Patrick Valduriez at (Online) University of Paris Seminar Series on Data Analytics, in collaboration with the diNo group, on 25 February 2021, 15h.
Distributed Database Systems: the case for NewSQL
NewSQL [Valduriez & Jimenez-Peris 2019] is the latest technology in the big data management landscape, enjoying a fast-growing rate in the DBMS and BI markets. NewSQL combines the scalability and availability of NoSQL with the consistency and usability of SQL. By blending capabilities only available in different kinds of database systems such as fast data ingestion and SQL queries and by providing online analytics over operational data, NewSQL opens up new opportunities in many application domains where real-time decision is critical.
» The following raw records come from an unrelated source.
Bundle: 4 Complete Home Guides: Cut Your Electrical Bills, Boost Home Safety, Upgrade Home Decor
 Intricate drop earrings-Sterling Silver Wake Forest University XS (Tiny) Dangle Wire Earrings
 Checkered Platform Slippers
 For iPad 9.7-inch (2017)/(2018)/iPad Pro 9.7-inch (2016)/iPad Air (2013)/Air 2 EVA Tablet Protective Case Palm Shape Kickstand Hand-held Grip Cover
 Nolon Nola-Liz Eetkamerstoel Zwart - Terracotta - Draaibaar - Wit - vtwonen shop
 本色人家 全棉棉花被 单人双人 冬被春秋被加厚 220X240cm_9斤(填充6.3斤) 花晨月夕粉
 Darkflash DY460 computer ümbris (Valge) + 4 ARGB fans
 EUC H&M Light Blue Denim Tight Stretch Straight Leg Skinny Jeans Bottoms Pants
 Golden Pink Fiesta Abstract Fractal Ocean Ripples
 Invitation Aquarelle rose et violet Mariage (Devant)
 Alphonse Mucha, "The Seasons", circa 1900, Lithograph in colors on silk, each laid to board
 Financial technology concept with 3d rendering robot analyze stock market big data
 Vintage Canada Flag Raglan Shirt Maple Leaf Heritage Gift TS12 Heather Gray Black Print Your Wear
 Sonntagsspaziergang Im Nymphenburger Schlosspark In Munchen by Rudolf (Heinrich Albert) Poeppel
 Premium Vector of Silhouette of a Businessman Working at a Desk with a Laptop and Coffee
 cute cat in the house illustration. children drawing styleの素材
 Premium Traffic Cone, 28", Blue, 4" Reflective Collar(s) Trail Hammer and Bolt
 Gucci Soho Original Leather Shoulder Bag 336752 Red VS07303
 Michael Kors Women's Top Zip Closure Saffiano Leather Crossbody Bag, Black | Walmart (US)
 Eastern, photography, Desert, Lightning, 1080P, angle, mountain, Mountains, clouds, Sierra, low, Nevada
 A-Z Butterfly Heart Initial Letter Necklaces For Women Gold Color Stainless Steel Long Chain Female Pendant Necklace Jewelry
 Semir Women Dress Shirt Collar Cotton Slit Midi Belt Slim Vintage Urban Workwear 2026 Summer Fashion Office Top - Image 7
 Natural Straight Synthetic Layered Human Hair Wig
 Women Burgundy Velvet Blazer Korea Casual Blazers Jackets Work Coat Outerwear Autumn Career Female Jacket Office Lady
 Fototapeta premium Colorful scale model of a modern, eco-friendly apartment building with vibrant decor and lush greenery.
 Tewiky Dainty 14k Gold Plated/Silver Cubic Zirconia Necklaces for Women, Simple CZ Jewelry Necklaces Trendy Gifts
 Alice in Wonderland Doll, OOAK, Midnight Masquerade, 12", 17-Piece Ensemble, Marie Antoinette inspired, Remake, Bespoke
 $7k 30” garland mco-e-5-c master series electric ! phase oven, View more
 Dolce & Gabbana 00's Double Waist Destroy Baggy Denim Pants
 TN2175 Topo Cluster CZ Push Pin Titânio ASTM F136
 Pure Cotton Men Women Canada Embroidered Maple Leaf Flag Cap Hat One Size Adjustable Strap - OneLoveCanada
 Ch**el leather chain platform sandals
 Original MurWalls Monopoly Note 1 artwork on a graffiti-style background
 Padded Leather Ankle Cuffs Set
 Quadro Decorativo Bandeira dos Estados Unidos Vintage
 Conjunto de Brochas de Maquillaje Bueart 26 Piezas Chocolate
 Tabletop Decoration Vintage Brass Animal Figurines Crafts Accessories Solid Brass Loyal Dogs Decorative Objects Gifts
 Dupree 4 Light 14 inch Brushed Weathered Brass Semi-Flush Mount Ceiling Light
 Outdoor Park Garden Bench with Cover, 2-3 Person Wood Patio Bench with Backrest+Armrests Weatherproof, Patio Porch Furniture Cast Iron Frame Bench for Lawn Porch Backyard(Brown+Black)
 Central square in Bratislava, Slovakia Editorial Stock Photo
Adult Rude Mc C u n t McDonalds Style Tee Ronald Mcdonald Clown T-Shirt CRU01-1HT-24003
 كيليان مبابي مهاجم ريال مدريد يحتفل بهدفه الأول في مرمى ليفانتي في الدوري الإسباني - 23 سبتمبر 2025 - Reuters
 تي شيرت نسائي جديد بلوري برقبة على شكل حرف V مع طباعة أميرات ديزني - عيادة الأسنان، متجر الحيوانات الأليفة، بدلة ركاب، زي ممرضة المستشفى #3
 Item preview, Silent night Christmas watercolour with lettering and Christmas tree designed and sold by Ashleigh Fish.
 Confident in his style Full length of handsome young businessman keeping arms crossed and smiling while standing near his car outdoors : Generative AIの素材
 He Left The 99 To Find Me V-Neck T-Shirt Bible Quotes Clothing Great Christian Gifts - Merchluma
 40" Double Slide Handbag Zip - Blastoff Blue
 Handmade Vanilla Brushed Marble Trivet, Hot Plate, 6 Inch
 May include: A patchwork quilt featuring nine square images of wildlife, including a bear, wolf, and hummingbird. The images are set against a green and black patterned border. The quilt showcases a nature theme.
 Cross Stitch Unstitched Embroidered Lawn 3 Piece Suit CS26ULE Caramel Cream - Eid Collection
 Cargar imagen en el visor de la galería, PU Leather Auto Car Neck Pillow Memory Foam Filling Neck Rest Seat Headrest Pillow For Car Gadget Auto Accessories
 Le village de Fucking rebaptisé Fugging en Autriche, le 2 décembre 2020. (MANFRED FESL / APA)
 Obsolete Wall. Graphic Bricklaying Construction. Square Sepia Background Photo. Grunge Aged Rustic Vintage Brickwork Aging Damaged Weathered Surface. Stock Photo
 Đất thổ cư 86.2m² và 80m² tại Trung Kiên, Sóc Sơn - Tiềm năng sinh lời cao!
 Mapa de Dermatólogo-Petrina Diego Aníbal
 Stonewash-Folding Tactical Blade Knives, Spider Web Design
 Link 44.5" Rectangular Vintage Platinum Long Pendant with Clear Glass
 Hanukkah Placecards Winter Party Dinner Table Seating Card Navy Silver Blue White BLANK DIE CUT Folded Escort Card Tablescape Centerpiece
Important use cases are eAdvertisement (such as Google Adwords), IoT, performance monitoring, proximity marketing, risk monitoring, real-time pricing, real-time fraud detection, etc. NewSQL may also simplify data management, by removing the traditional separation between NoSQL and SQL (ingest data fast, query it with SQL), as well as between operational database and data warehouse / data lake (no more ETLs!). However, a hard problem is scaling out transactions in mixed operational and analytical (HTAP) workloads over big data, possibly coming from different data stores (HDFS, SQL, NoSQL). Today, only a few NewSQL systems have solved this problem. In this talk, I introduce the solution for scalable transaction and polystore data management in LeanXcale, a recent NewSQL DBMS.